Le but de cette expédition, commanditée par des chaînes de télévision
française, est de reconstituer l’itinéraire réalisé par l’équipe de
Pierre Pfeiffer, du muséum d’histoire naturelle, en 1956. A
cette
époque, Georges était le caméraman de l’expédition.
Dans les années 50, les Dayaks étaient encore très craints par les
explorateurs. Aujourd’hui sédentaires, ces ex-chasseurs de têtes
partagent le territoire avec les Punans, jadis chasseurs nomades et
cueilleurs de nids d’hirondelle.
L’équipe s’est dotée d’un moniteur
portatif et d’une
copie du film
l’expédition de 1956 dans le but de le visionner
aux Dayaks rencontrés.
Elle prévoit de remonter du fleuve Kayan jusqu’aux limites des zones
interdites, considérées comme taboues par les populations
locales,
soit
environ 700 kilomètres aller et retour de navigation
périlleuse. En quarante ans, les villages se sont modernisés,
certains sont pourvus
d’écoles, de stades de football et de dispensaires. Les régions
littorales ont été déboisées, les dernières « longues oreilles » font
figures de curiosités et les célèbres collections de têtes humaines ne
sont plus visibles.
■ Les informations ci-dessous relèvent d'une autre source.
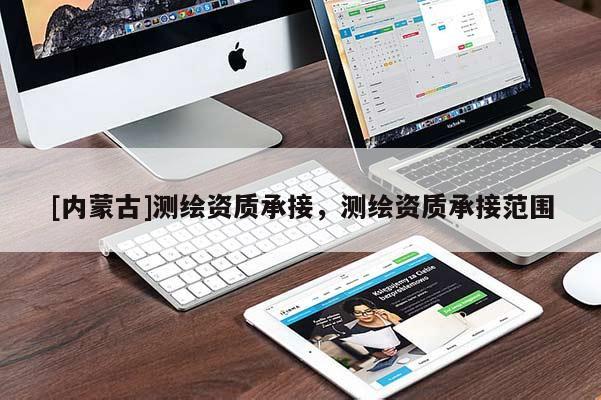 [內(nèi)蒙古]測繪資質(zhì)承接，測繪資質(zhì)承接范圍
Pourtant, très loin dans les hautes terres, Georges
reconnaît les lieux… et les gens ! Les ladangs, des parcelles cultivées
sur brûlis, n’ont pas changé, les anciens portent toujours le mandaus,
le sabre dayak, et chiquent encore le bétel… Les derniers guerriers
survivants de cette époque se souviennent de l’expédition de 1956.
En visionnant les images d’archives, les visages
s’éclairent, ou se
ternissent... Certains se reconnaissent, ou retrouvent leurs
proches
aujourd’hui décédés. L’émotion bat son comble et les langues
se dénouent. Ultimes témoins d’une époque révolue, les vieux
guerriers se
confient la larme à l’œil. Sédentarisés, subventionnés par le
gouvernement indonésien pour se faire « retailler » les oreilles,
éduqués, logés et soignés, les vétérans pleurent le temps des
hommes
libres, l’époque ou il fallait chasser pour survivre, courir la jungle
pour exister… La forêt était immense, les animaux pullulaient et les
enfants suivaient l’enseignement des anciens.
Un peu partout sur la planète, en Amazonie, dans le Sahara, en Océanie
ou en Terre de feu, « intégration » rime trop souvent avec disparition,
extinction et destruction des peuples et des savoirs ancestraux qui
seront à jamais perdus pour le reste de l’humanité.